Seit der Tang-Dynastie (600 n. Chr.) wandten Teeexperten aus ganz China regelmäßig ihr gesamtes Können auf, um dem herrschenden Kaiser Tribut zu zollen – und so ihre Loyalität mit Lieferungen köstlichster Produkte eindrucksvoll unter Beweis zu stellen. Und diese geschickte Mischung aus hofierender Hommage und heimlicher Werbung machte sich schon damals bezahlt. Denn so konnten sich clevere Produzenten nicht nur das Wohlwollen ihres Regenten sichern, sondern gleichzeitig die eigenen Waren geschickt am königlichen Hof positionieren. Die populärsten Sorten wurden regelmäßig geordert – und überaus großzügig entlohnt.

Die kaiserliche Nagelprobe befeuerte den Wettbewerb zwischen Chinas Teeproduzenten und sorgte für die Verbreitung und Standardisierung bestmöglicher Anbau- und Verarbeitungsmethoden. Schließlich wollte niemand mit einer verdorbenen Lieferung in Ungnade fallen oder den vorherrschenden Geschmack am Hof mit unwillkommenen Sorten beleidigen. So übernahmen und verbesserten die Meister ihrer Kunst nicht nur neue Anbau-, Ernte-, Verarbeitungs-, Lagerungs-, Verpackungs- und Transportmethoden – wie das praktische Pressen von Pu-Erh-Ziegeln – sondern experimentierten nebenbei auch mit neuen Sorten, Oxidationsverfahren und Aromen.

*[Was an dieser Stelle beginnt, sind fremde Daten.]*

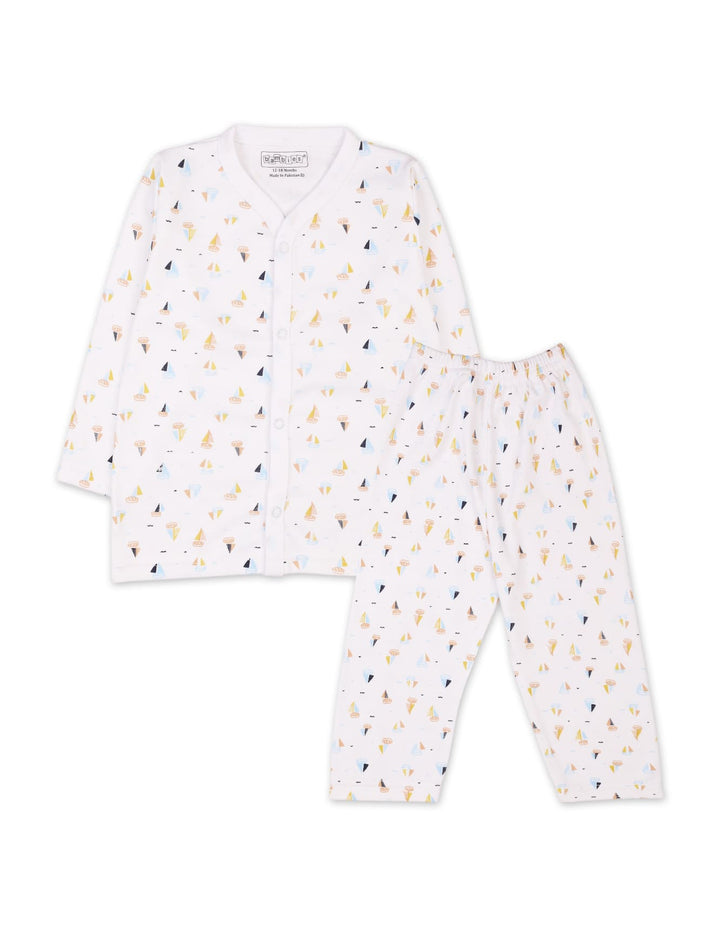Newborn Boys Night Suit Bambies Ocean Ships Printed White at Zubaidas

Gleichzeitig machte der flächendeckende Qualitätssprung auch außerhalb Chinas von sich reden, was den Siegeszug des Tees als begehrter Export und beliebtes Gastgeschenk entscheidend beschleunigte.

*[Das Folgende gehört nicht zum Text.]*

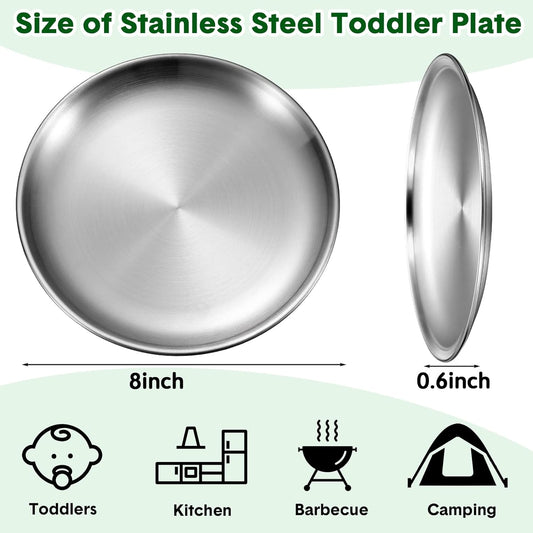 Honeydak 10 Pcs Stainless Steel Plates 8 Inch 304 Metal Dinner Plates Unbreakable Dish Camping Plate Reusable 18/8 Silver Round Plate Non Toxic Dishwasher Safe Double Layers Serving Salad Dessert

Mittlerweile verdanken wir der einstigen Bauernsteuer einige der bekanntesten und besten Tees der Welt: Chinas edelste Sorten lassen sich auf Tribute-Tea-Standards zurückverfolgen und zollen damit der langjährigen Tradition – und dem herausragenden Handwerk – echter Teemeisterschaft Tribut. Bestes Beispiel wäre Long Jing, der zu Chinas berühmten kaiserlichen Tees zählt: Blätter der Originalgewächse aus der Qing-Dynastie werden mittlerweile nicht nur sprichwörtlich mit Gold aufgewogen!